Électrosmog et la santé des Canadiens
Par Thomas Gallenne
L’exposition à des champs électromagnétiques de radiofréquences (CEMRF) qu’émettent les postes de base (antennes relais) et les appareils de communication sans fil, peut-elle représenter un risque pour la santé?
Le 14 novembre dernier, les organismes Sauvons nos enfants des micro-ondes (SEMO), l’Association québécoise de lutte contre la pollution atmosphérique (AQLPA) et Option consommateurs (Oc) ont exigé du gouvernement canadien qu’il donne suite aux recommandations du Rapport du Comité permanent de la santé concernant l’impact des CEMRF sur les humains. Ils ont rappelé que la ministre de la Santé, Leona Aglukkaq, n’avait pas donné suite au dépôt du rapport – lequel a eu lieu en décembre 2010. Elle avait 90 jours pour y répondre.

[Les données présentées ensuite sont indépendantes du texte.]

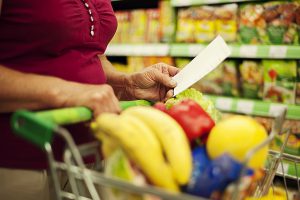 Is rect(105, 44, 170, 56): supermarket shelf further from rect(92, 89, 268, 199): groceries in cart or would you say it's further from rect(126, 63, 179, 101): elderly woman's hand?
rect(92, 89, 268, 199): groceries in cart

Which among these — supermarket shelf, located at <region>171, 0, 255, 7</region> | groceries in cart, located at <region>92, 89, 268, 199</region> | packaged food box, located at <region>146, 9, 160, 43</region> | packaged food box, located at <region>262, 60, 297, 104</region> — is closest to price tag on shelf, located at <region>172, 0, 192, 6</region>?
supermarket shelf, located at <region>171, 0, 255, 7</region>

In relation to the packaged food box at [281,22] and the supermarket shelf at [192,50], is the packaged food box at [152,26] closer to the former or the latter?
the supermarket shelf at [192,50]

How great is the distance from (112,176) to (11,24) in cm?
48

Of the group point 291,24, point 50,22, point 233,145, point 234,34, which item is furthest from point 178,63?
point 233,145

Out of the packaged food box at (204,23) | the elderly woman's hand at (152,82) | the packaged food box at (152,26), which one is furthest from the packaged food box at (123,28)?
the elderly woman's hand at (152,82)

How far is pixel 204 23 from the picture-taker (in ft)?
8.81

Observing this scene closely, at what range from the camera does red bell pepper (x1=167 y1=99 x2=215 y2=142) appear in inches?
29.5

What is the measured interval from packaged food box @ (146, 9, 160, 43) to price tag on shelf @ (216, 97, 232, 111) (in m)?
0.68

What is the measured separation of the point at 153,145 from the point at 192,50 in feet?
6.34

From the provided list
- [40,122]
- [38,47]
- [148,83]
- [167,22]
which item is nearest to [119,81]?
[148,83]

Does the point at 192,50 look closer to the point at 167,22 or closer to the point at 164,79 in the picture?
the point at 167,22

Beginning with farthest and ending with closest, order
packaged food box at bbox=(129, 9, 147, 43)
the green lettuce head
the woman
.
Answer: packaged food box at bbox=(129, 9, 147, 43), the green lettuce head, the woman

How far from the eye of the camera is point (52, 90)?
839 mm

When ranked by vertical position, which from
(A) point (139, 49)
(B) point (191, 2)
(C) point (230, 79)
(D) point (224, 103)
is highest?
(B) point (191, 2) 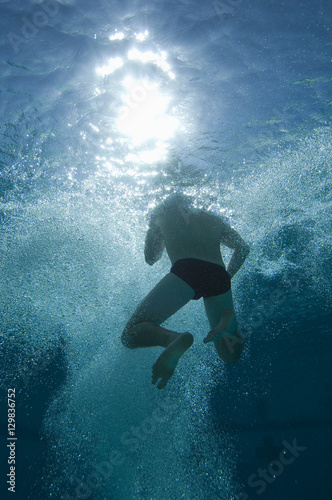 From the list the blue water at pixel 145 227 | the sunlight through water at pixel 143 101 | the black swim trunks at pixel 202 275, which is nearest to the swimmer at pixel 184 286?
the black swim trunks at pixel 202 275

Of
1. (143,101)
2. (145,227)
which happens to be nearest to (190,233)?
(143,101)

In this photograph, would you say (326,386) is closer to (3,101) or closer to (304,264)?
(304,264)

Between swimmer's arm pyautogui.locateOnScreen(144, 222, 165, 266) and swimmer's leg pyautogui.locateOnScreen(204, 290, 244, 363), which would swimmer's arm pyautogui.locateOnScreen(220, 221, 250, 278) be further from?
swimmer's arm pyautogui.locateOnScreen(144, 222, 165, 266)

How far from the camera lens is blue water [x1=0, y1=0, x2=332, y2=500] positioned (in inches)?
189

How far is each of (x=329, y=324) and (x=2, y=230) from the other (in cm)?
1638

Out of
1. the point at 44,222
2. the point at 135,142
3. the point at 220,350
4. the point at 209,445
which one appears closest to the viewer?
the point at 220,350

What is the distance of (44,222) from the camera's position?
756 centimetres

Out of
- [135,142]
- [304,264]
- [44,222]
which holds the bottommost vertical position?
[44,222]

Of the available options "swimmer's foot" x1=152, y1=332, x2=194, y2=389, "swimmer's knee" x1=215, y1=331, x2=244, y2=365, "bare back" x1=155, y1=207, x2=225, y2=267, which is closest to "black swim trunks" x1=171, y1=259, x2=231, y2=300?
"bare back" x1=155, y1=207, x2=225, y2=267

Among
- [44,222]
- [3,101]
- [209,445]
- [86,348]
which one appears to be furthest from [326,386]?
[3,101]

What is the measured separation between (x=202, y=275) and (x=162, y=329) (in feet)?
2.52

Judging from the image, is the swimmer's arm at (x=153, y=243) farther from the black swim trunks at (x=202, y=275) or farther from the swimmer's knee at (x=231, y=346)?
the swimmer's knee at (x=231, y=346)

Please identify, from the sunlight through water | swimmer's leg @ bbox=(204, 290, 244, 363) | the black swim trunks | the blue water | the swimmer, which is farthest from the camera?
the sunlight through water

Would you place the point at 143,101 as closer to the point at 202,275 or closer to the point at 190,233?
the point at 190,233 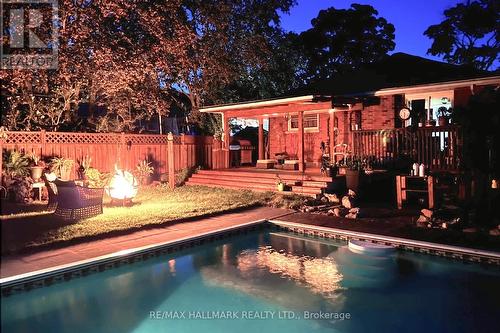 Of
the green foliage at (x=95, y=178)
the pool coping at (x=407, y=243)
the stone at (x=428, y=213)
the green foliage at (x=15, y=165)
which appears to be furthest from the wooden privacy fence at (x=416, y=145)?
the green foliage at (x=15, y=165)

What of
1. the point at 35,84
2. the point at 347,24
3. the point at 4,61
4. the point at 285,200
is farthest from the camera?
the point at 347,24

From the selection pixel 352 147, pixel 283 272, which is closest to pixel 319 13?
pixel 352 147

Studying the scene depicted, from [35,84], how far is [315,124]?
35.2 ft

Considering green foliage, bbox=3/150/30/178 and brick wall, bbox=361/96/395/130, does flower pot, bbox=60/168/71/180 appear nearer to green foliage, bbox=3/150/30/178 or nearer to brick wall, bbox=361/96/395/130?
green foliage, bbox=3/150/30/178

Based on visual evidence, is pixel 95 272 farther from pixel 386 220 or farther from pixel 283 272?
pixel 386 220

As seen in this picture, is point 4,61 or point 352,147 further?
point 352,147

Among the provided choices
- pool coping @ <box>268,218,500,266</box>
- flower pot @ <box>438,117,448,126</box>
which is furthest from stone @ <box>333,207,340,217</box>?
flower pot @ <box>438,117,448,126</box>

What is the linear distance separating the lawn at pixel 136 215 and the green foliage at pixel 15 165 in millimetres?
1693

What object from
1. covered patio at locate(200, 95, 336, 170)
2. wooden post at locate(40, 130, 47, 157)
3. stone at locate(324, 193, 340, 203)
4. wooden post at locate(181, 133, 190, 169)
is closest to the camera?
stone at locate(324, 193, 340, 203)

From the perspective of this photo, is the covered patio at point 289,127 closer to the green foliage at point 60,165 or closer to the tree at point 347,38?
the green foliage at point 60,165

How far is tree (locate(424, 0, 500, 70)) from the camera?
2836 cm

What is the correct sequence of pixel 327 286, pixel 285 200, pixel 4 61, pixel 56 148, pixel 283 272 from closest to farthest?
pixel 327 286
pixel 283 272
pixel 285 200
pixel 4 61
pixel 56 148

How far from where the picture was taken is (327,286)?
6137 mm

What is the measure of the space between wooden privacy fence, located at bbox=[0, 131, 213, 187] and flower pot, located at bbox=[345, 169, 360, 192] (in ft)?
21.4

De plus, dans le cadre de consultations publiques sur le projet de règlement de la Ville de Montréal visant à mieux encadrer l’installation d’antennes sur son territoire, ces mêmes organismes – appuyés par la Commission scolaire de Montréal (CSDM) – ont demandé l’application du Principe de précaution tant que l’incertitude demeure sur les risques à la santé causés par les CEMRF.
«Mesures» ou «Principe» de précaution?
Au Canada, c’est le Code de sécurité 6 qui détermine les critères d’exposition aux CEMRF. Or, ce dernier ne tient pas compte des effets de cette exposition à long terme sur le corps humain, ce que déplore François Therrien du SEMO, Ce dernier demande à Santé Canada d’appliquer le
Principe de précaution.
L’absence de certitude scientifique sur un éventuel lien de causalité entre l’exposition et des effets sur la santé, doit-elle nous empêcher de prendre des mesures pour protéger la population?
«Si ce principe a cours en Europe, il est loin d’être enchâssé dans nos constitutions nord- américaines, souligne André Fauteux, éditeur de la revue La Maison du 21e siècle. C’est la prépondérance de la preuve – ou de la règle du 50+1 – en droit civil, qui doit être démontrée. Par exemple, si la majorité des experts parle d’une menace sérieuse à la santé, les organismes de santé publique réviseront leur position.» Cependant, on assiste de plus en plus à une sensibilisation sur les questions sanitaires. «Ça prend la pression des citoyens pour que les politiciens, le gouvernement bougent», croit-il.
Rappelons qu’en mai dernier, le Centre international de Recherche sur le Cancer (CIRC) qui fait partie de l’Organisation mondiale de la Santé (OMS), indiquait que l’usage des téléphones cellulaires devait être considéré comme « peut-être cancérogène pour l’homme ».
Depuis sa dernière mise à jour (octobre 2011), le site internet de Santé Canada suggère des «mesures» d’atténuations des effets des CEMRF pour les usagers de téléphones sans fil.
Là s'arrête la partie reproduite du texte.